What is the origin of the Chestnuts from Andalucia?
Fifteenth Century settlers from the North of Spain brought chestnut saplings from their own Chestnut Forests in Castile and Leon and found the ideal climate in the Western Sierras of Andalucía. Since this time, the chestnut tree has played a vital role in the culture and economy of this region. Not only has the chestnut been sold and traded, but its wood provides excellent timber. All the old houses of the Sierra de Aracena have beams made of Chestnut wood. And the fine vernacular joinery of the doors and shuttered windows is always made of durable Chestnut wood.
There are many sub varieties of Chestnuts in this region, each with exotic names – the Diego Vázquez, a darker, rounded nut, the Comisaria, a smaller but particularly sweet variety, and the Lechona, a corpulently round and large fruit, are but three. Real Chestnut aficionados each have their own favorite.

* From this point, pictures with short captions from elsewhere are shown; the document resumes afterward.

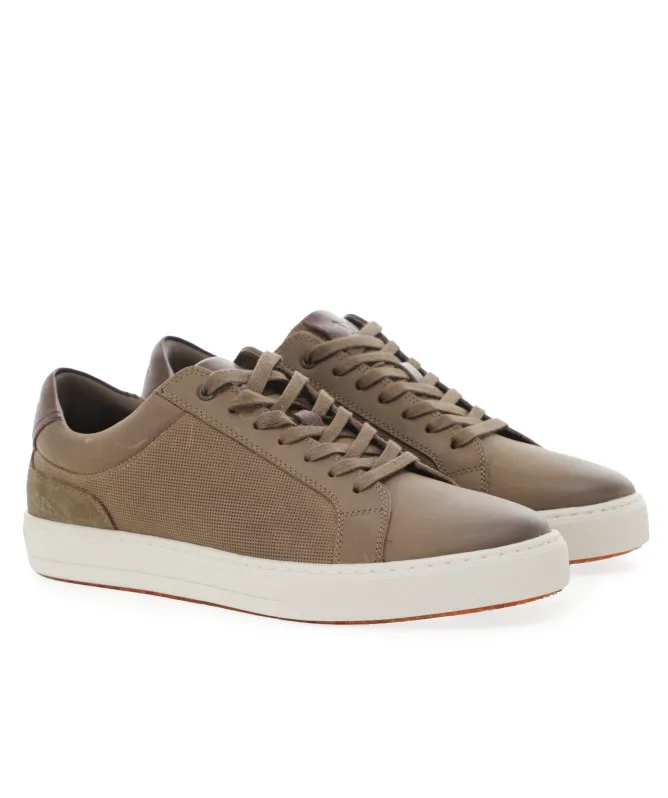 Rodd and Gunn Transit Sneakers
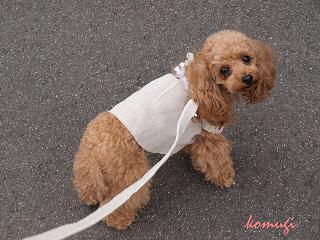 こむぎ１
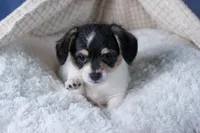 processed/40f33f9f-3846-4b64-9021-df6fcf3e0367/listing/b4a2f200-540a-4bbd-9092-62b666507830/a8f11368-e5e6-40b5-bc2e-3cb42e309265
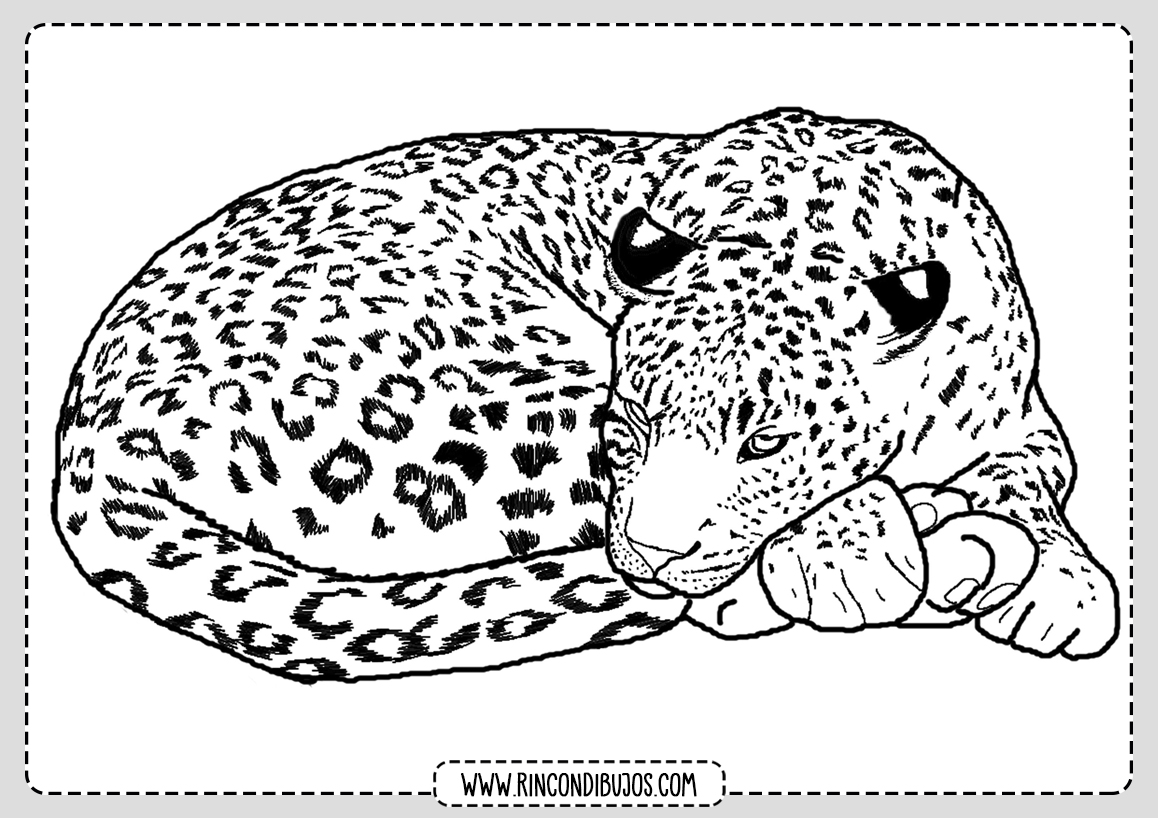 Colorear Dibujos de Leopardo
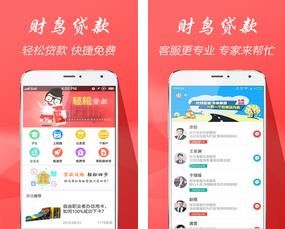 财鸟贷款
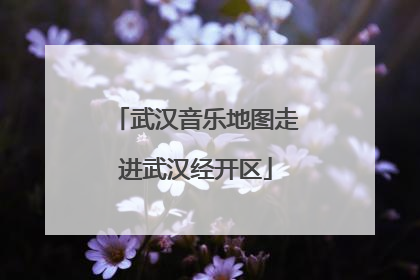 武汉音乐地图走进武汉经开区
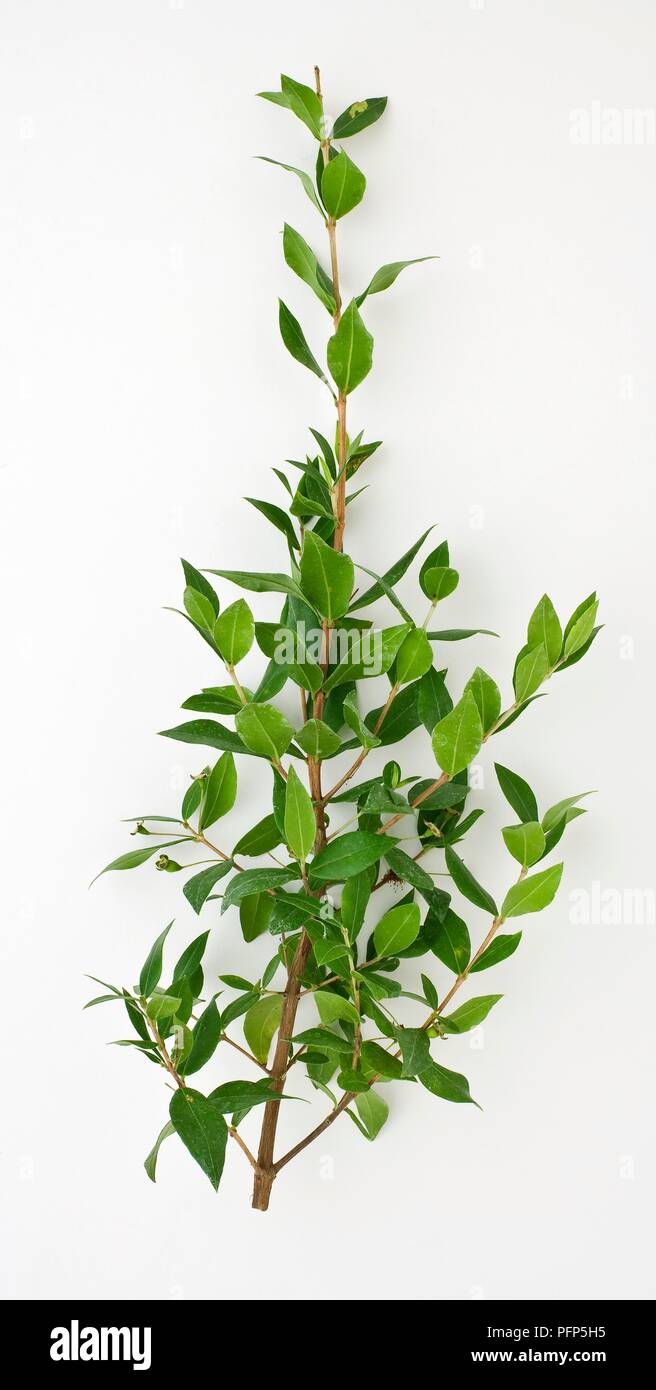 Myrtus communis (Myrtle) branch with leaves Stock Photo - Alamy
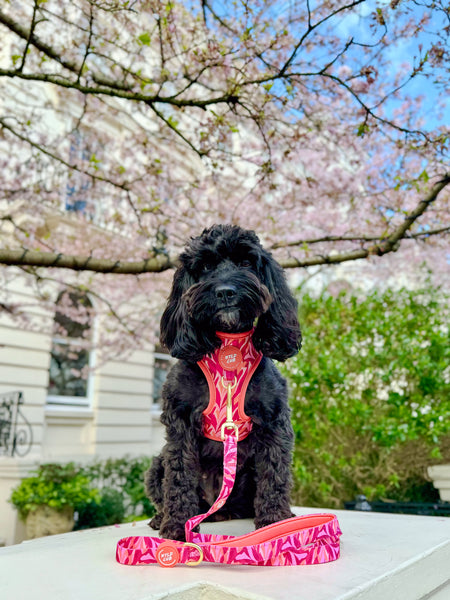 Adjustable Dog Harness: Kew Honeysuckle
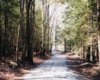 country road.jpg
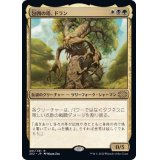 [EX+]包囲の搭、ドラン/Doran, the Siege Tower《日本語》【2X2】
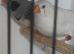 10 baby zebra finches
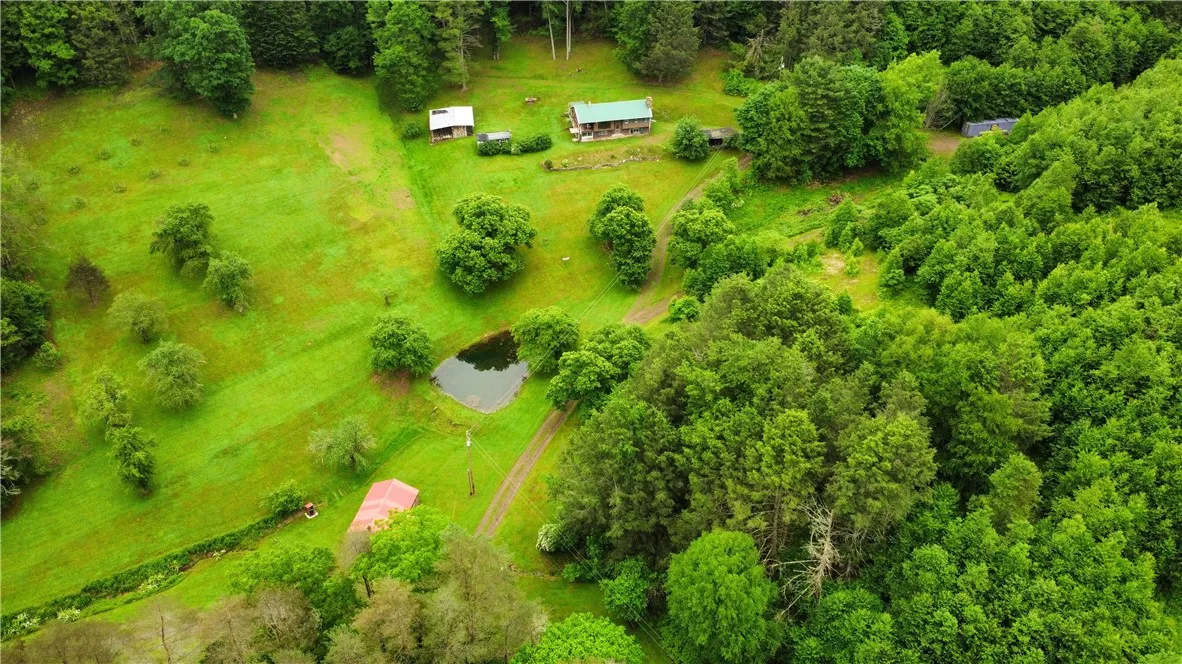 286 Hidden Hollow Farm Drive, Wharton, Pennsylvani, Wharton, Pennsylvania 16720, 3 Bedrooms Bedrooms, 12 Rooms Rooms,1 BathroomBathrooms,Residential,For Sale,286 Hidden Hollow Farm Drive, Wharton, Pennsylvani,R1617003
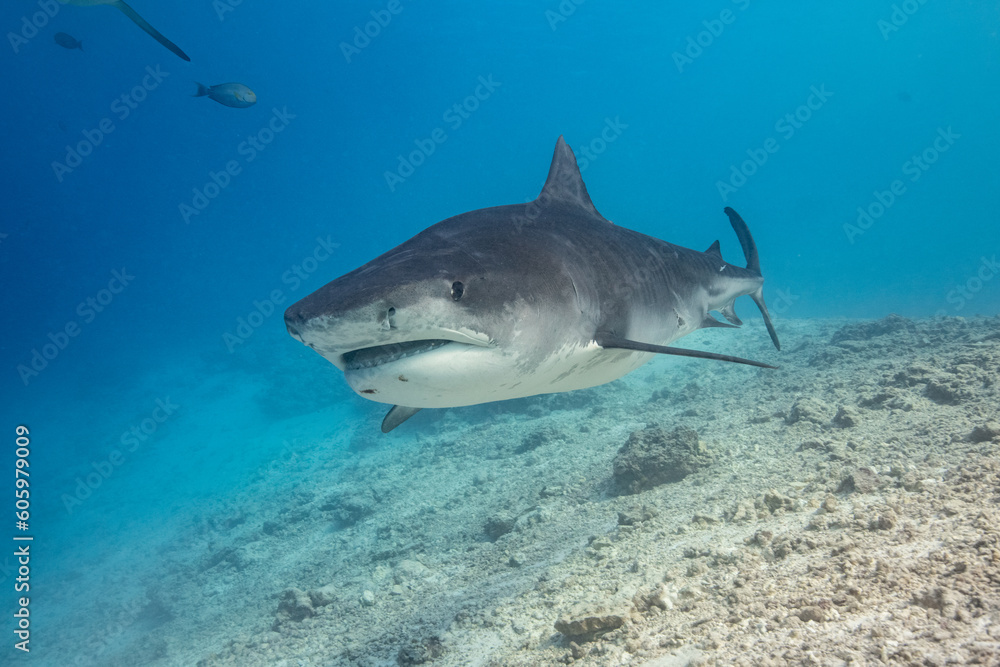 Fototapeta premium Tiger shark in the ocean
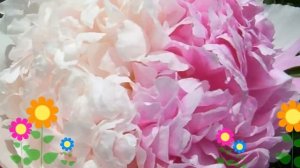 Пион молочноцветковый Mister Ed. Краткий обзор, описание характеристик, где купить саженцы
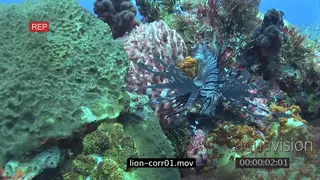 Devil Firefish swimming towards camera underwater in ocean MLS MCU HAND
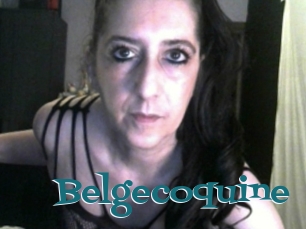 Belgecoquine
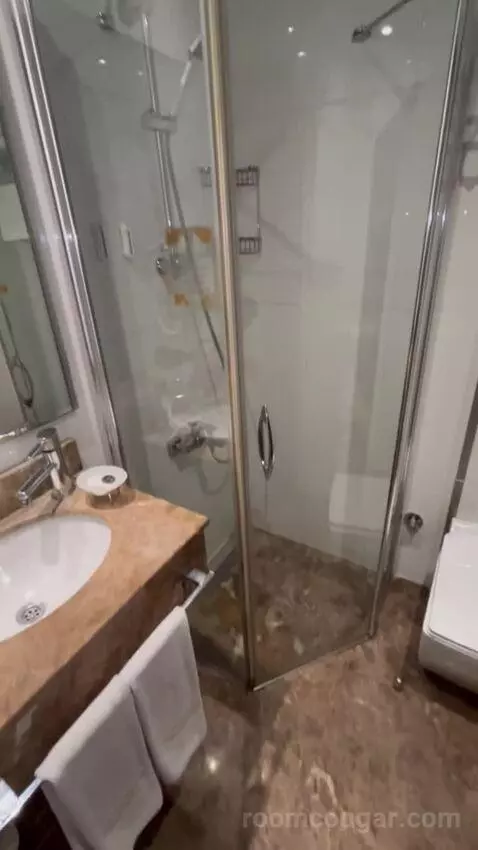 Standard Double or Twin Room bathroom picture #8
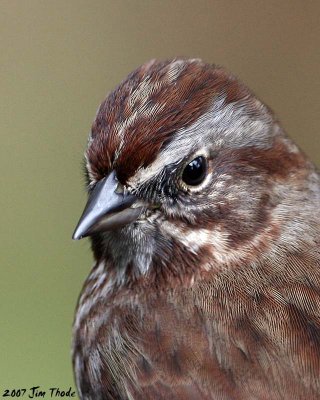 Song  Sparrow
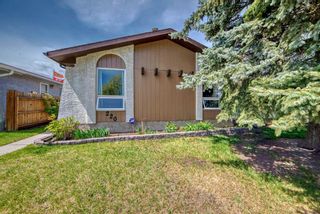 Main Photo: 220 Madeira Place NE in Calgary: Marlborough Park Detached for sale : MLS®# A2136013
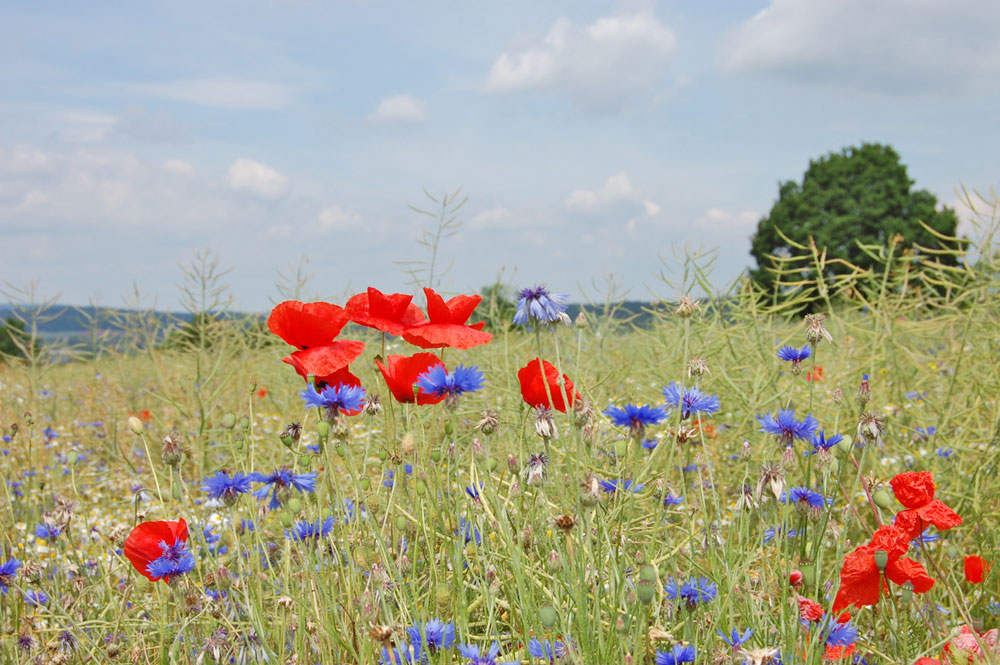 Hygge - Landschaft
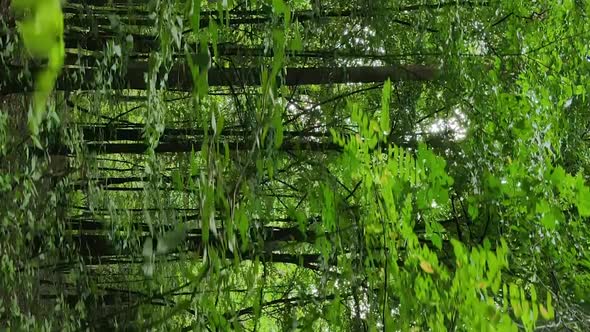 Vertical Video of a Beautiful Forest in Summer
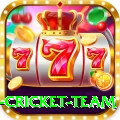 new zealand cricket team Plus v5.5.6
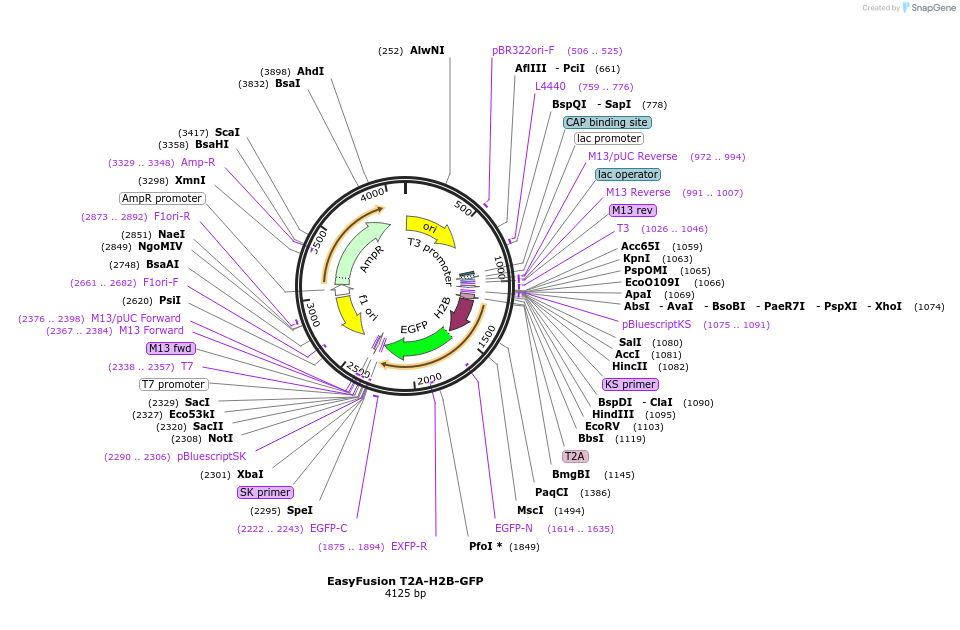 112851-plasmid-map-sequence-id-217034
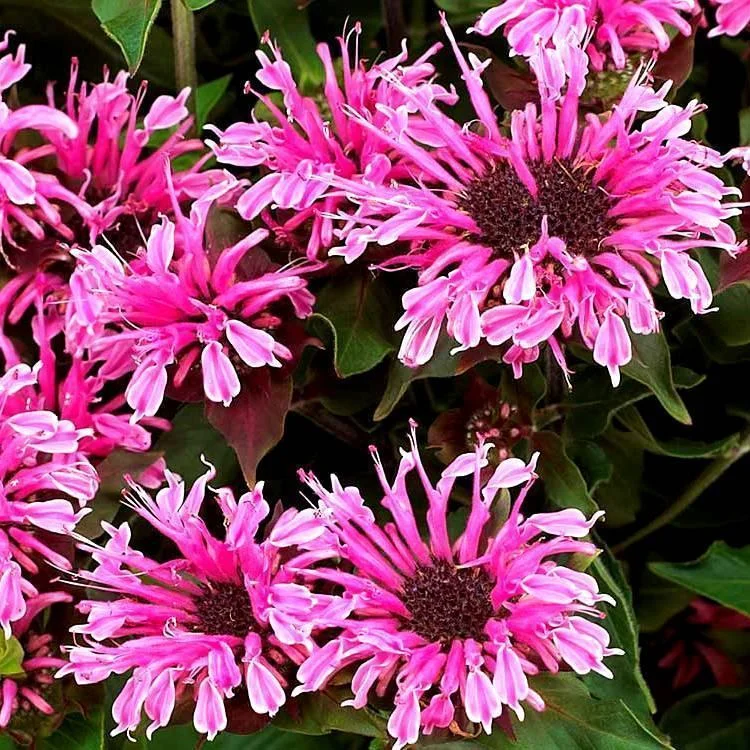 Монарда (Дикий бергамот) гибридная Cranberry Lace Монарда (Дикий бергамот) гибридная Cranberry Lace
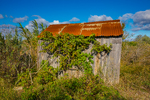 COLL2499.jpg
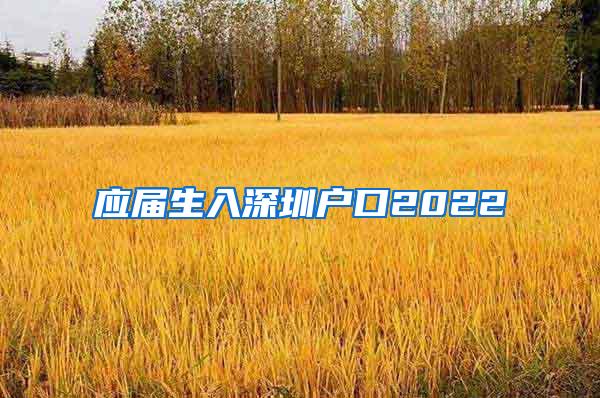 应届生入深圳户口2022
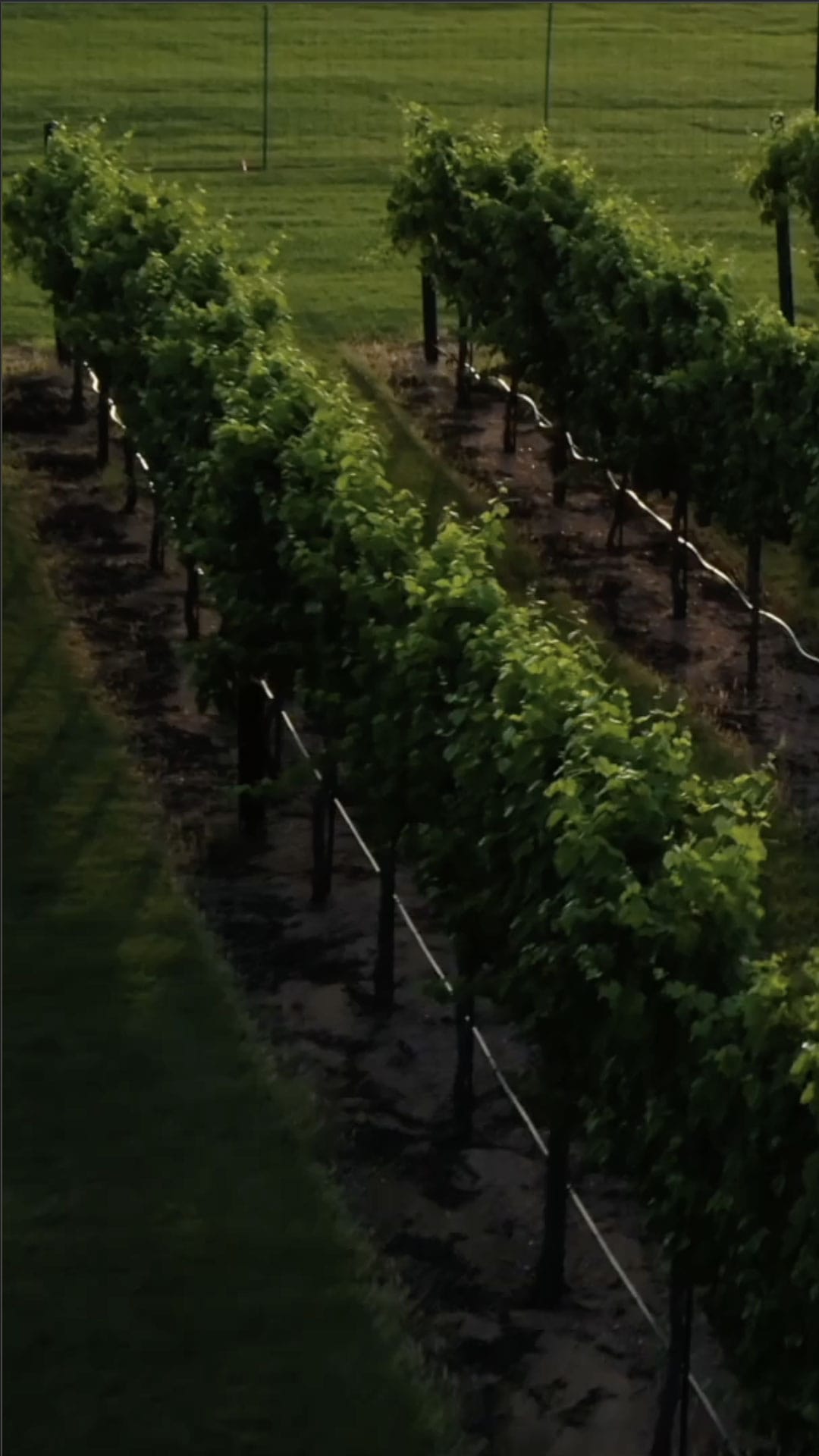 Grape Creek Vineyards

Are Chestnuts Different than other Nuts?
Chestnuts have a nutritional composition that sets them apart from all other nuts. Chestnuts are ~50% water when fresh, which makes them highly perishable. Chestnuts are very low in fat and higher in starch than other nuts, making them less caloric. Two ounces of chestnuts contain 86 calories, which is about one quarter that of other nuts. They also are a good source of fiber (about 5 grams for 2 ounces), making them a tasty and filling snack!
How does one prepare Chestnuts?
One must first remove the outer shell and inner bitter tasting skin to obtain the edible kernel and although chestnuts can be eaten raw after peeling they are usually cooked in some way. Cooking methods vary widely but simply can be done by boiling the in-shell nuts whole for half an hour and then cutting them in half and scooping out the soft kernel flesh inside using a teaspoon. Another common way is to roast in-shell chestnuts in the oven, over hot embers or in the microwave, but you MUST pierce the shell with a small cut or cut them in half beforehand with a knife to prevent them from exploding when they cook!
Once you have peeled your chestnuts they may be cooked in a wide variety of ways – boiled, roasted, steamed, microwaved, pureed, soups, stuffings, sweet desserts and so on. The nuts can also be dried and ground into an excellent quality flour for bread, biscuits, gravies etc.
The culinary qualities of the chestnut are much under valued. Roasted Chestnuts from the fire or oven with a little butter and salt remind us of sitting in front of a roaring fire on a cold winter day. Its delicious, subtle mealiness adds life to everything from warm salads to Mediterranean soups to tarts. Their high nutritious value also makes them great on their own as a snack!